What is needed: Show every line of the data where the word "Silver" can be found.

Supplied entries:
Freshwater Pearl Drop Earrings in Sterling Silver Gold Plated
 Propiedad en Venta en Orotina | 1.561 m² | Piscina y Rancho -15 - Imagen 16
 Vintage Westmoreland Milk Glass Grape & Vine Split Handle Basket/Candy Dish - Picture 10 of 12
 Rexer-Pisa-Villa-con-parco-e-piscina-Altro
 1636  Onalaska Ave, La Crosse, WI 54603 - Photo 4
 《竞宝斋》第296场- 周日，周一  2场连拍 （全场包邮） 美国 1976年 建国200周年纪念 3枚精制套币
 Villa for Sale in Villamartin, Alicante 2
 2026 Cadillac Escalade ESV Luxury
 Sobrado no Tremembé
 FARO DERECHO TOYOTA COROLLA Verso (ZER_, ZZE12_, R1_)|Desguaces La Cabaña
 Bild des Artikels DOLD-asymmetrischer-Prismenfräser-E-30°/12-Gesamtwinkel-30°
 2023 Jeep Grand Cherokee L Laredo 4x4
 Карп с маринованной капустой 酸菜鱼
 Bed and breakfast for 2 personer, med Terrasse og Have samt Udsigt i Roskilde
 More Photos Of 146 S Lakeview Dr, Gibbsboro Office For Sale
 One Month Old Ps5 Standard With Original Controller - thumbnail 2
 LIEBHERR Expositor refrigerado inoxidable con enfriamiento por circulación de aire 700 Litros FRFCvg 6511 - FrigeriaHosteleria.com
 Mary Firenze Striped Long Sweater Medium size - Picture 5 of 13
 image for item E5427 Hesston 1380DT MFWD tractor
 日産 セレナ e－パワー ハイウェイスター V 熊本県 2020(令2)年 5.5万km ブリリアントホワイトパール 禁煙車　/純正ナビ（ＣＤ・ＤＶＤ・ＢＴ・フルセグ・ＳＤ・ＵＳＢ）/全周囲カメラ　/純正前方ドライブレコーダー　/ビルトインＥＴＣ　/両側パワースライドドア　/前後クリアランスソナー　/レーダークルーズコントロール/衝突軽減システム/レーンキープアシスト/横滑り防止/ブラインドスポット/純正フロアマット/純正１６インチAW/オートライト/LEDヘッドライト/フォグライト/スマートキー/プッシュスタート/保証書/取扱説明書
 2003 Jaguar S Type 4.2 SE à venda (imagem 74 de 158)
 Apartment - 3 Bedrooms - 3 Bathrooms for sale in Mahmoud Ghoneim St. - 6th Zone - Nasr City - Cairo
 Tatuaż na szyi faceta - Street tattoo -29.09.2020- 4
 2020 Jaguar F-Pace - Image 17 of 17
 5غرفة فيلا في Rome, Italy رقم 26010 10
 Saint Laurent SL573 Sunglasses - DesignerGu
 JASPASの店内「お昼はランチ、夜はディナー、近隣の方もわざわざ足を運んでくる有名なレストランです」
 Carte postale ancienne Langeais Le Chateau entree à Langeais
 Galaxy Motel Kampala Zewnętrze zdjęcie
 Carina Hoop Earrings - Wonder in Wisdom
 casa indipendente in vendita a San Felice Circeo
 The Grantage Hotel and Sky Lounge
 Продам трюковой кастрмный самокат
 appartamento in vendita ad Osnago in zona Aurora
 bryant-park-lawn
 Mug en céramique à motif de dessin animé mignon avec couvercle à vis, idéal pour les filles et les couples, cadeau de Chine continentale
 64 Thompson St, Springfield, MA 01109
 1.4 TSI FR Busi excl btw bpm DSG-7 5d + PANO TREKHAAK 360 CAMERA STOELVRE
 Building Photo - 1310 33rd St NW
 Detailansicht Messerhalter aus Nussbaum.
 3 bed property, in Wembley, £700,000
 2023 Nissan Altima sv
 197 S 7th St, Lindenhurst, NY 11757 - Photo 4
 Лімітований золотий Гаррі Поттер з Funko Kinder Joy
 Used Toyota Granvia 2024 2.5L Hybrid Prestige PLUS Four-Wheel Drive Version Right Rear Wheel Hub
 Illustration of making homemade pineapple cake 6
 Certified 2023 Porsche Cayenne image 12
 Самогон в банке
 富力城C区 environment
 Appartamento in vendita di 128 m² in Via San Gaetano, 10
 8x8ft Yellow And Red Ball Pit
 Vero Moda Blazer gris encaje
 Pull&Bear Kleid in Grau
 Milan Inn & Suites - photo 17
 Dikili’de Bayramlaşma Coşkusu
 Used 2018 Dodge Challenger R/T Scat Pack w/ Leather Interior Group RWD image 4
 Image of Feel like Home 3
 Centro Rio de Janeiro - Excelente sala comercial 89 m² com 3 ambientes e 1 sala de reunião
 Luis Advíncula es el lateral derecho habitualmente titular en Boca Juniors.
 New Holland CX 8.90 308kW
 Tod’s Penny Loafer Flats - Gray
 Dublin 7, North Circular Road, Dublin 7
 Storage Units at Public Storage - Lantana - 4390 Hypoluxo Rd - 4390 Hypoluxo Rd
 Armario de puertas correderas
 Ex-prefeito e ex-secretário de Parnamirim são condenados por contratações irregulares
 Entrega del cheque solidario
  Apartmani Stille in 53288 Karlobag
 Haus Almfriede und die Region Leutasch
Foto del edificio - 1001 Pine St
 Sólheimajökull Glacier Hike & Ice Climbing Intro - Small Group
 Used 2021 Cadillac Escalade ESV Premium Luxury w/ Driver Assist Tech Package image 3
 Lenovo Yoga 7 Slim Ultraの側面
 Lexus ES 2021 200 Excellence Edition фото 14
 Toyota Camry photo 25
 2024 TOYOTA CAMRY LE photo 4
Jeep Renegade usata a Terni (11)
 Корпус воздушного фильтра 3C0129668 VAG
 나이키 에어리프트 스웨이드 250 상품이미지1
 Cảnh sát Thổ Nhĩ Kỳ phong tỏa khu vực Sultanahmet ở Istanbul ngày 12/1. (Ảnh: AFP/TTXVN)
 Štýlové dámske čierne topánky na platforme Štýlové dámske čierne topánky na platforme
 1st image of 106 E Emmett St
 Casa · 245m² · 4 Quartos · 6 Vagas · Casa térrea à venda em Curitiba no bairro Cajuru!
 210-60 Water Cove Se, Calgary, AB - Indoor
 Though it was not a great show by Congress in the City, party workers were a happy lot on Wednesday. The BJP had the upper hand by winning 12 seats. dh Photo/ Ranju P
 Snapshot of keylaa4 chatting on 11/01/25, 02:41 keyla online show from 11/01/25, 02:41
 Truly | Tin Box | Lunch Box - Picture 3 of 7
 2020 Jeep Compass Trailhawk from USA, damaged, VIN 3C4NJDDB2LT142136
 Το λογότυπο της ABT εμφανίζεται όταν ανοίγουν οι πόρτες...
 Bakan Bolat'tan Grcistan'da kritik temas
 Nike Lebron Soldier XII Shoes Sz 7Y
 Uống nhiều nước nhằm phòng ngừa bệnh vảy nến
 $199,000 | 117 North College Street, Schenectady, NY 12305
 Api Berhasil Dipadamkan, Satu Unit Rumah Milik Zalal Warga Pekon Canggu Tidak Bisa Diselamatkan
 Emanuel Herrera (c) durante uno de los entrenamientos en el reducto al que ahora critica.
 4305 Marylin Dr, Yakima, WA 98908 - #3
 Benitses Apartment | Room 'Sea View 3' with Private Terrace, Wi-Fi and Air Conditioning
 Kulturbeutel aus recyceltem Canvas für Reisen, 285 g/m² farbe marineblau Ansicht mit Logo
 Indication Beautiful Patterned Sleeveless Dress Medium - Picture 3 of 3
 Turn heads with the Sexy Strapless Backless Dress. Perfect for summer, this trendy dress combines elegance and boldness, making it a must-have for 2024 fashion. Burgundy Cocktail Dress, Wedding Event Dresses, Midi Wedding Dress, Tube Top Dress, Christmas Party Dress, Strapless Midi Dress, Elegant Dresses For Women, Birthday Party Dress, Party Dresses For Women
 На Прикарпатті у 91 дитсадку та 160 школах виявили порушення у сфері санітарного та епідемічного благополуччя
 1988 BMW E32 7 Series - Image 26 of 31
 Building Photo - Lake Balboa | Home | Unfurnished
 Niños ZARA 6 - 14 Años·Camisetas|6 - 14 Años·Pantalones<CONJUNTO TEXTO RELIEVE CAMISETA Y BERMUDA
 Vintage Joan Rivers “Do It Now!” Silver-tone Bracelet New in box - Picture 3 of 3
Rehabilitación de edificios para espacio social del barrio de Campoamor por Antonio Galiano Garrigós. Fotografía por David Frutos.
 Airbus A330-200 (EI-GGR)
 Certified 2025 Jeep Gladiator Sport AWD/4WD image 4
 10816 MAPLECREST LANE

Output for this exercise:
Freshwater Pearl Drop Earrings in Sterling Silver Gold Plated
 Vintage Joan Rivers “Do It Now!” Silver-tone Bracelet New in box - Picture 3 of 3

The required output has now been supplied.